Did you have dreams when you were little? Remember when you could do and be anything you wanted to? Or, at least believing that way? What happened?
Did you want to be an astronaut, a circus bareback rider, a super hero or a ballerina? And did your body not live up to your expectations and you found yourself too tall, to round or even worse?
Or, were there people around you who told you you couldn’t be what you dreamed of being? People who had other plans for your life and, because you wanted to please them, you parked the dreams somewhere and forgot where you left them?

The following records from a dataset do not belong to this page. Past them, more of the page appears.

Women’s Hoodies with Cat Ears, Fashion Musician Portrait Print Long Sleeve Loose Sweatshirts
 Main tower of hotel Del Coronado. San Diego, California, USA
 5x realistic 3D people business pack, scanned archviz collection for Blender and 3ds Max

Well, unlike forgetting where you parked your car at a shopping center, once you lose track of where you left your dreams, it’s very easy to leave them lost and move on.
But that’s not okay with me because I believe dreams are given to us to be experienced, to be lovingly lived. There are times that the dreams we had as children cannot be once we move into what is laughingly called adulthood, but they don’t have to be allowed to disappear entirely.
Say for example, you wanted to be a ballerina. That particular career requires a lithe, disciplined, athletic body. You don’t have one of those. You’re now too tall, too round, too creaky and no way flexible enough to be one, so how can you possibly live your dream?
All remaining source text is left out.